10. 2. 1. 3. La communication

Le corrolaire du lien direct établi entre les mots et les choses est une communication facilitée entre les peuples. S’il est un domaine dans lequel la transmission exacte des concepts est d’une importance cruciale, c’est bien la science. La pensée de Bacon, puis le développement de la recherche collective dans la droite ligne de la pensée de celui-ci, ont démontré à quel point la diffusion des idées est indispensable aux progrès de la science (cf. supra 2e partie, 8. 1.). Ainsi Garat estime :

‘si jamais, comme nous en avons formé déjà le voeu, l’Europe est établie en république, il ne faut pas douter que ces républiques ne forment un jour un congrès de philosophes chargés de l’institution de cette langue354, qui serait de toutes les nations la source de tant de lumières et de tant de vertus, de tant de richesses, de tant de prospérités nouvelles (Garat, Séances des Écoles normales recueillies par des sténographes, Préambule, T. II, 1795 : 37 ; cité par Gusdorf, 1978 : 413). ’

Les aménagements des domaines scientifiques par différentes tentatives de taxinomies botaniques et de nomenclatures chimiques, et le succès européen de la Nomenclature chimique de 1787 – après quelques aménagements toutefois (cf. infra, 13. 1. 2.) –, laissent espérer un projet de plus vaste ampleur. En effet, l’utilisation majoritaire de formants classiques en font des langues véhiculaires efficaces :

‘La nouvelle nomenclature autorise une autre prouesse : grâce à elle, les hommes peuvent commercer.
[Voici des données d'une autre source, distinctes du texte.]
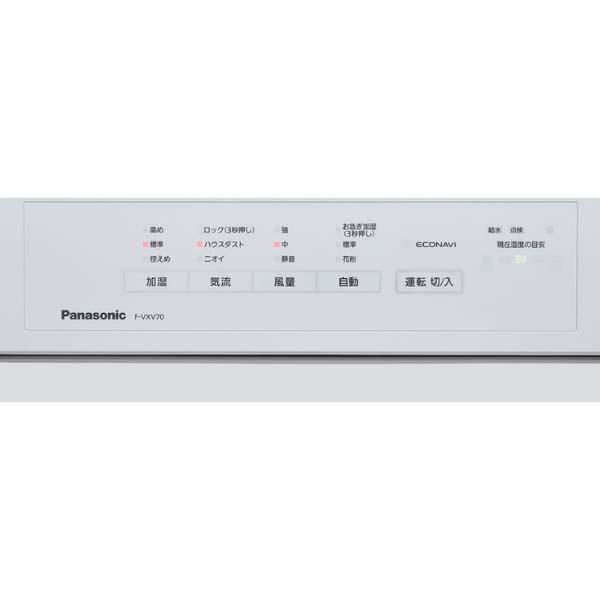 Máy lọc không khí Panasonic F-VXV70 Cao cấp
Il ne faut pas seulement une circulation des « graines et semences », par les voyages, il faut également et non moins un échange entre les botanistes, les Académies et les expérimentateurs (Dagognet, 1970 : 20)355.’
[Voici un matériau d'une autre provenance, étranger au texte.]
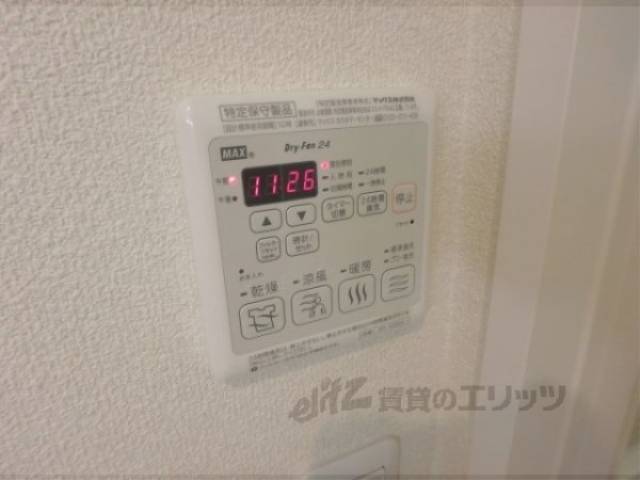 浴室乾燥機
Ainsi, le latin en voie d’amuïssement laisse apparaître un manque qu’il ne tardera pas à combler en fournissant les éléments de leur nomenclature aux quelques systèmes sémiotiques scientifiques qui connaissent un succès supranational.

Notes
354.

La langue universelle des sciences.

355.

L’aspect commercial de la botanique est un des points que nous n’avons pas abordés, mais qui est loin d’être négligeable, comme le démontre François Dagognet (1970 : 20-21). De la même manière, la production de produits manufacturés lie les recherches en chimie à des enjeux économiques (cf. François Dagognet (1969 : 168)).